This new work, published in the journal Science, utilizes a technology called a mosaic nanoparticle vaccine platform . Originally developed by collaborators at the University of Oxford, United Kingdom, the nanoparticle component of the platform is a “cage” made up of 60 identical proteins. Each of those proteins has a small protein tag that functions much like a piece of Velcro®. In their SARS-CoV-2 work, Bjorkman and her colleagues, including graduate student Alex A. Cohen, engineered multiple different fragments of the spike protein so each had its own Velcro-like tag. When mixed with the nanoparticle, the spike protein fragments stuck to the cage, resulting in a vaccine nanoparticle with spikes representing four to eight distinct coronavirus strains on its surface. In this instance, the researchers chose spike protein fragments from several different strains of SARS-CoV-2, as well as from other related bat coronaviruses thought to pose a threat to humans.
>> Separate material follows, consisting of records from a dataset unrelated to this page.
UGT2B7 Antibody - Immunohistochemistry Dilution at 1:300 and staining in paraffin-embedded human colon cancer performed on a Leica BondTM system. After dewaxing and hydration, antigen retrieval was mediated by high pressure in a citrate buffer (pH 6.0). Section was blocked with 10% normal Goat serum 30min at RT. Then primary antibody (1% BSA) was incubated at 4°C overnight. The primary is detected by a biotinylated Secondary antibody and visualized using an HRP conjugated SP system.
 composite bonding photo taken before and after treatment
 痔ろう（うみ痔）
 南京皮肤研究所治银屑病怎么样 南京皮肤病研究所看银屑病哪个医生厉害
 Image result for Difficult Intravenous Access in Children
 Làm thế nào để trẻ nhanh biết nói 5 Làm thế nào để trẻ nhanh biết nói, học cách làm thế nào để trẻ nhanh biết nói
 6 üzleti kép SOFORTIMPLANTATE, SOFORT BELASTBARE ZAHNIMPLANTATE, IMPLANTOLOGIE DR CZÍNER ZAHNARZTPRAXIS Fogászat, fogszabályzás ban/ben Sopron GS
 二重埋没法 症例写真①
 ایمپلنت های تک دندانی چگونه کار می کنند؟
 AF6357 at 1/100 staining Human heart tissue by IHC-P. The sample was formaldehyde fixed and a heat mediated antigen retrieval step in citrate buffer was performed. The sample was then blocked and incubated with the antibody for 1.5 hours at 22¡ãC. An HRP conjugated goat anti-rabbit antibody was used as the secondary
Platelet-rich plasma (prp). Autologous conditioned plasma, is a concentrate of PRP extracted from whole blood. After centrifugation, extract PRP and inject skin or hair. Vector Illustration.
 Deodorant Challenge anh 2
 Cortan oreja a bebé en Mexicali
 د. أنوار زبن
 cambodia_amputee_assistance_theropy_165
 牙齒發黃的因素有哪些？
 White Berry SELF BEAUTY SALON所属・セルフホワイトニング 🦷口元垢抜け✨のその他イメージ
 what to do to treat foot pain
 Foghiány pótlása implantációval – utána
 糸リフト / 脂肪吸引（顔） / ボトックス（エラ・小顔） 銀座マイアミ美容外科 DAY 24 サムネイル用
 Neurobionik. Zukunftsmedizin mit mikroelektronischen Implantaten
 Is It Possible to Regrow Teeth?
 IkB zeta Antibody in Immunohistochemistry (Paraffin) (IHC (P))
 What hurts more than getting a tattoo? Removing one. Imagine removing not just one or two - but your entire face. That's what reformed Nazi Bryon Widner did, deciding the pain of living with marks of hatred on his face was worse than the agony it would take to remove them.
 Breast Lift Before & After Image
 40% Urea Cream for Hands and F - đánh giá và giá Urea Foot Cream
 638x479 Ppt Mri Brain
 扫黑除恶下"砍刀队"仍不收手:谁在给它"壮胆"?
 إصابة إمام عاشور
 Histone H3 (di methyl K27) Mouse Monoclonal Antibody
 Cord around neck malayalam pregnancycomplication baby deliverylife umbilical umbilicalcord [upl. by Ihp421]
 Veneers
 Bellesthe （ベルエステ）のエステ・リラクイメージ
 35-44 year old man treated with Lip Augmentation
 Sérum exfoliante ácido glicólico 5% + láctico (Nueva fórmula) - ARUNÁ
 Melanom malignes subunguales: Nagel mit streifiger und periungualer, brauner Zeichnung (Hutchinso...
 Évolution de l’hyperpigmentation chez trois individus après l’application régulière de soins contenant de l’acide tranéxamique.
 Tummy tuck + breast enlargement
The researchers then injected the vaccine nanoparticles into mice and the results were encouraging. After inoculation, the mice began producing antibodies that could neutralize many different strains of coronavirus. In fact, while more study is needed to understand the mechanisms, the antibodies responded to coronavirus strains that weren’t even represented on the mosaic nanoparticle. Importantly, this broad antibody response came without apparent loss in the antibodies’ ability to respond to any one particular coronavirus strain.
The findings raise the exciting possibility that this new vaccine technology could provide protection against many coronavirus strains with a single shot. Of course, far more study is needed to explore how well such vaccines work to protect animals against infection, and whether they will prove to be safe and effective in people. There will also be significant challenges in scaling up manufacturing. Our goal is not to replace the mRNA COVID-19 vaccines that scientists developed at such a remarkable pace over the last year, but to provide much-needed vaccine strategies and tools to respond swiftly to the emerging coronavirus strains of the future.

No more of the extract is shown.